#### [TO DO]
Transcribe the data below verbatim from the line with "Liebherr R964C - 15" to the line with "Nieuwe Model Mannen". Include both of those lines.

#### [Short web captions]
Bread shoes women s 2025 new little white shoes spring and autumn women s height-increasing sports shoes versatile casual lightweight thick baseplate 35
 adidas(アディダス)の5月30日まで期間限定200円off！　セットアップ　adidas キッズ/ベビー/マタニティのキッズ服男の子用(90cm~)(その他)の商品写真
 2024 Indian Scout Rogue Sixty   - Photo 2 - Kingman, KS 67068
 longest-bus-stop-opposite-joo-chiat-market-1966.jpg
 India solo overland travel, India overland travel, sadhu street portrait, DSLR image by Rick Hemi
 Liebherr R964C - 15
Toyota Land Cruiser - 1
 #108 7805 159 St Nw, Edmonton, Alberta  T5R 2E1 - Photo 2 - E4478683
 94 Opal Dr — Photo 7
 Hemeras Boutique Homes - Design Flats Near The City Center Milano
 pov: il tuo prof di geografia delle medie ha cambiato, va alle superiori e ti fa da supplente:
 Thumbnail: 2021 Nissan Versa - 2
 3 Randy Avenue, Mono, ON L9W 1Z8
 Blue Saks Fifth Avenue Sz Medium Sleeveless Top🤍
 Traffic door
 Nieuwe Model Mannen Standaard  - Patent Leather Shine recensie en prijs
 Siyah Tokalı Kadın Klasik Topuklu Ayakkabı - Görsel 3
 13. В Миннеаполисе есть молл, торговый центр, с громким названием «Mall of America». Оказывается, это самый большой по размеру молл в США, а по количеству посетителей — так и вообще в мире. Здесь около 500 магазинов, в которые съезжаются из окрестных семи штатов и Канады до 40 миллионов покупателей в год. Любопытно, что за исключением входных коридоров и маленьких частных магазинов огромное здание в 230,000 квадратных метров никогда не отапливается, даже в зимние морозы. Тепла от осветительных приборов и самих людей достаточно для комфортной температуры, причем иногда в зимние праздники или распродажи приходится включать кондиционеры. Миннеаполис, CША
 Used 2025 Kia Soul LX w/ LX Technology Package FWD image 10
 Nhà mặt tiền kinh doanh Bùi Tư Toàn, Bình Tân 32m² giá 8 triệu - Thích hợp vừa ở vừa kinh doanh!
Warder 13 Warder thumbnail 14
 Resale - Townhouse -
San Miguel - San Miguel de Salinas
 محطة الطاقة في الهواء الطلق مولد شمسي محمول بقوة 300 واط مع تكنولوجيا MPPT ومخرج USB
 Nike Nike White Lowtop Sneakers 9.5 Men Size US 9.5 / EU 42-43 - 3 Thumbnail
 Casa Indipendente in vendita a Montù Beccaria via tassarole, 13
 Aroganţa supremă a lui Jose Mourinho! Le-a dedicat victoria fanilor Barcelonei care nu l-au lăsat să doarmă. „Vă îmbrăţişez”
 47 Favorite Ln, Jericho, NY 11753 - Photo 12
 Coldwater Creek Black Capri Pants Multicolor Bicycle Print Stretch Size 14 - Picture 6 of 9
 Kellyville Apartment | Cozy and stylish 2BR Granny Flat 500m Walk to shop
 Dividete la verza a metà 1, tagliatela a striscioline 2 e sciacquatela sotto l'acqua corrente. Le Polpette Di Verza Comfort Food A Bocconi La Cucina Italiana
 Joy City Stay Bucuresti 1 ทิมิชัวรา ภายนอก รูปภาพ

#### [RESPONSE BELOW]
 Liebherr R964C - 15
Toyota Land Cruiser - 1
 #108 7805 159 St Nw, Edmonton, Alberta  T5R 2E1 - Photo 2 - E4478683
 94 Opal Dr — Photo 7
 Hemeras Boutique Homes - Design Flats Near The City Center Milano
 pov: il tuo prof di geografia delle medie ha cambiato, va alle superiori e ti fa da supplente:
 Thumbnail: 2021 Nissan Versa - 2
 3 Randy Avenue, Mono, ON L9W 1Z8
 Blue Saks Fifth Avenue Sz Medium Sleeveless Top🤍
 Traffic door
 Nieuwe Model Mannen Standaard  - Patent Leather Shine recensie en prijs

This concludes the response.